Conflict Seen Through Marxist IR

Marxism focuses specifically on economic structure. Class and economic tension defines how agents act, and can thus explain events. From the example of the Rwandan genocide through Marxist analysis, we can see which aspects are important and how they would prevent further instances.

Lemarchand (French researcher) warned of class exploitation by the Hutu when hired to evaluate a World Bank project in the region. They were doing this systematically through favouritism and theft to encourage economic dependency.

The ‘commodity crash’ of the 1990s hit hard poor countries such as Rwanda dependent on their exports. The Hutu government relied upon these exports, as well as foreign aid to maintain their class structure. Amid famine and hardship the Rwandan government accepted a restructuring programme that devalued their currency, cut social welfare, and inflated prices. Other consequences of austerity were disease and malnutrition.

Instability and uncertainty due to economic woes caused actual conflict in the form of both war and genocide. Whilst it is debatable still whether the Hutu or the Tutsi first struck, both died in huge numbers due to a severely weakened government and economy.

One of the less graphic images of the genocide.

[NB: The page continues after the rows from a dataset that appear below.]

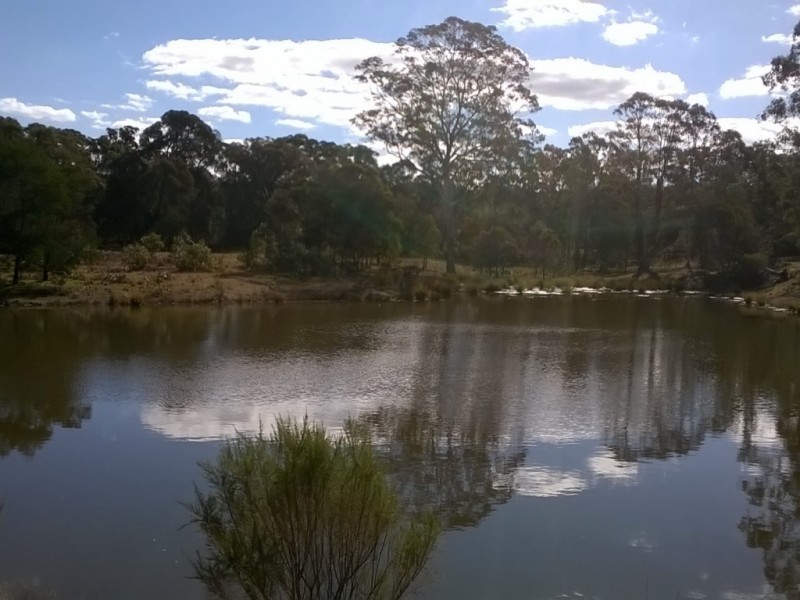 763 Jerrara Road, Marulan NSW 2579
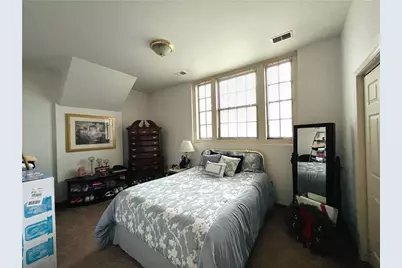 304 Rhodes Place, New Castle, PA 16101 - Photo 29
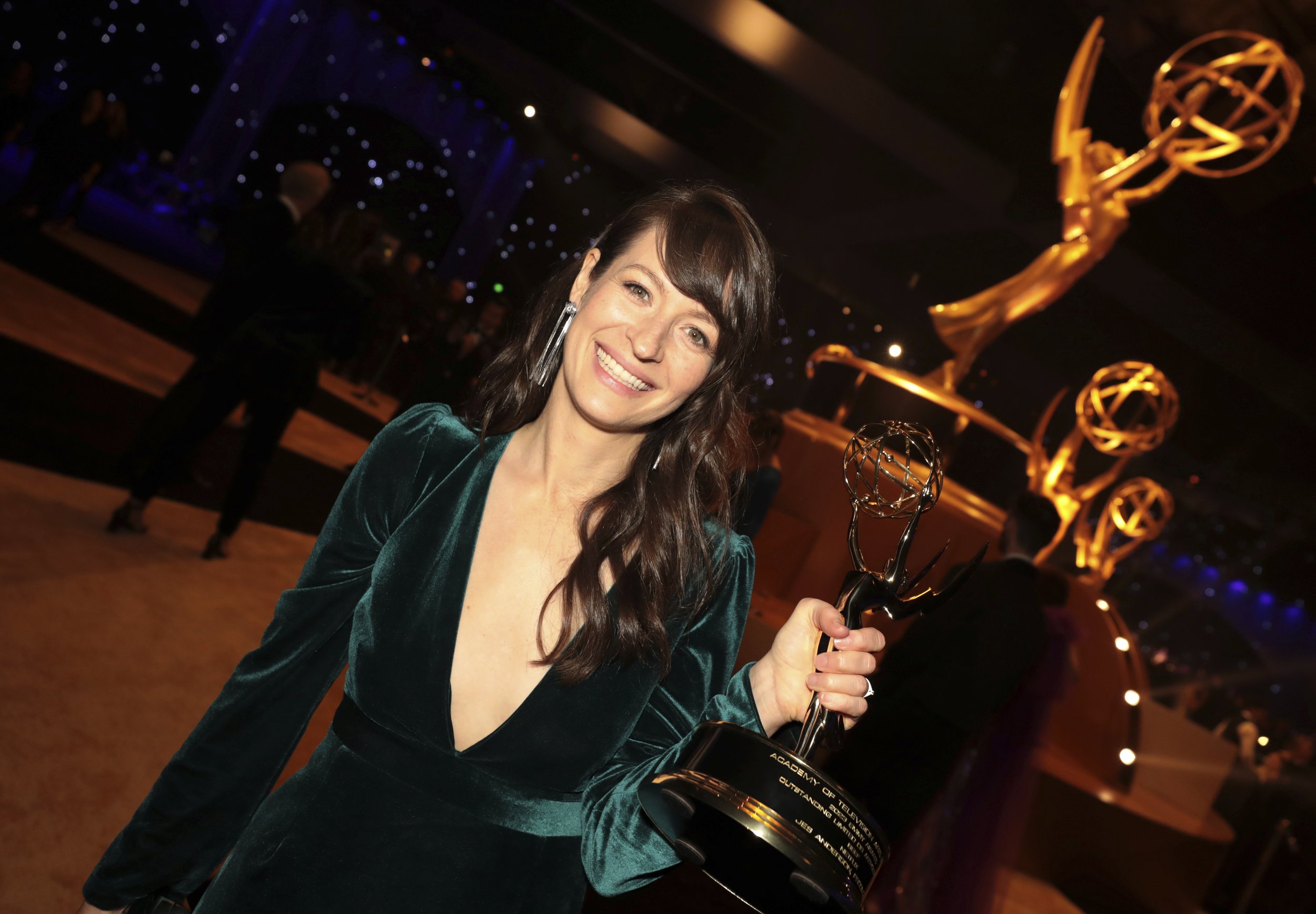 75th_Emmy_Awards_Governors_Gala_24016267945817.jpg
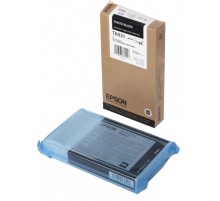 Картридж Epson C13T603100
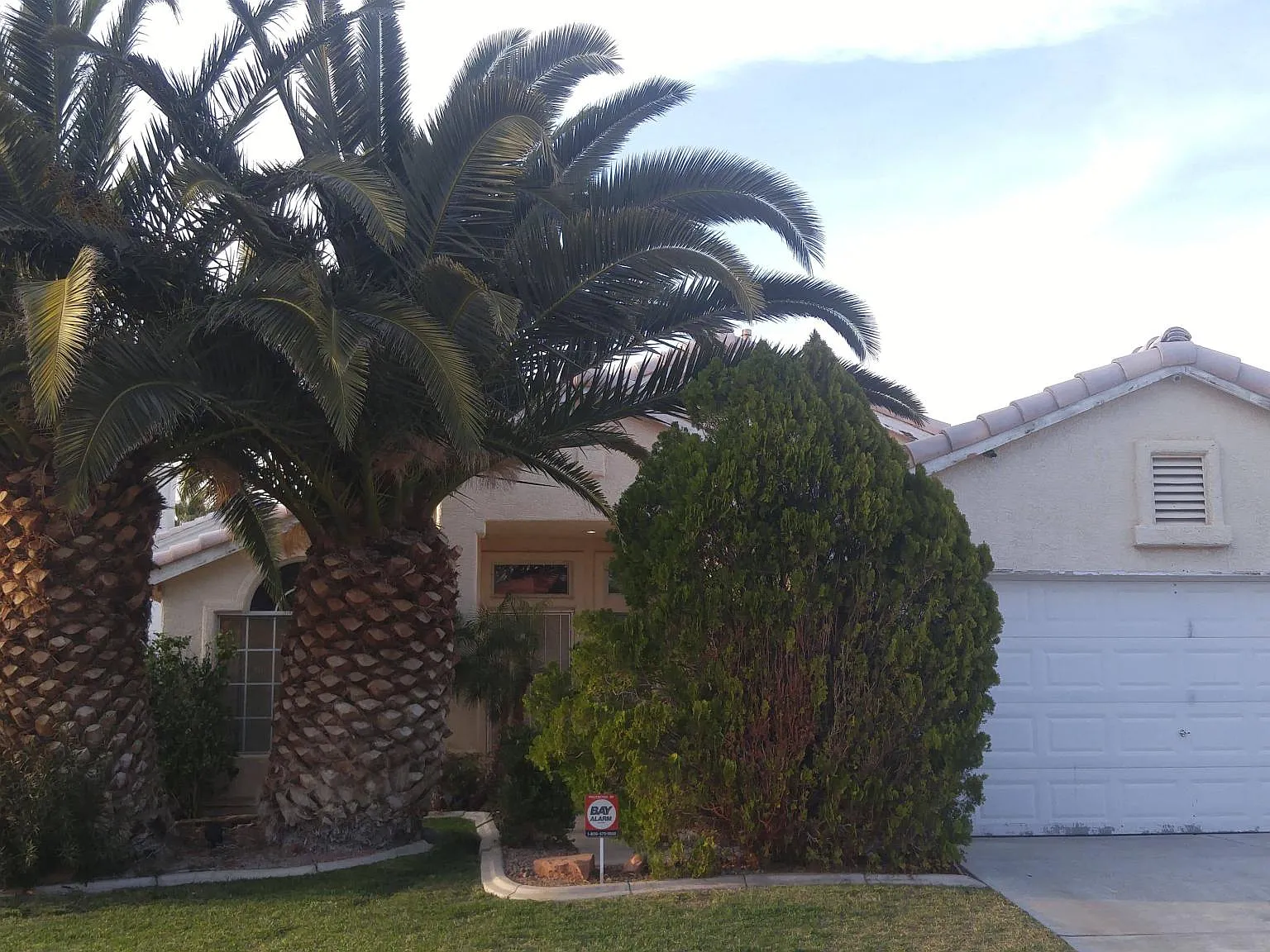 6088 Bing Cherry Dr — Photo 3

Other theories, such as Liberalism stress cooperation and community within the international sphere. Marxism refutes this. For instance, the economic dependency of Rwanda on international aid (especially that of the French who have fought previously in the name of freedom and human rights) meant that substantial influence was not used to stop the genocide or war and instead to maintain economic domination.

Countries such as China (which sold over 500,000 machetes) and Egypt (which financed interest-free loans in order to sell weapons to Rwanda) could too have used their economic position to promote peace. Marxist theorists would be worried that there is a real danger of re-igniting conflict today. Despite austerity being implemented, Rwanda has higher debt levels now than in the 1990s and there are a whole myriad of social problems that are yet to have been solved.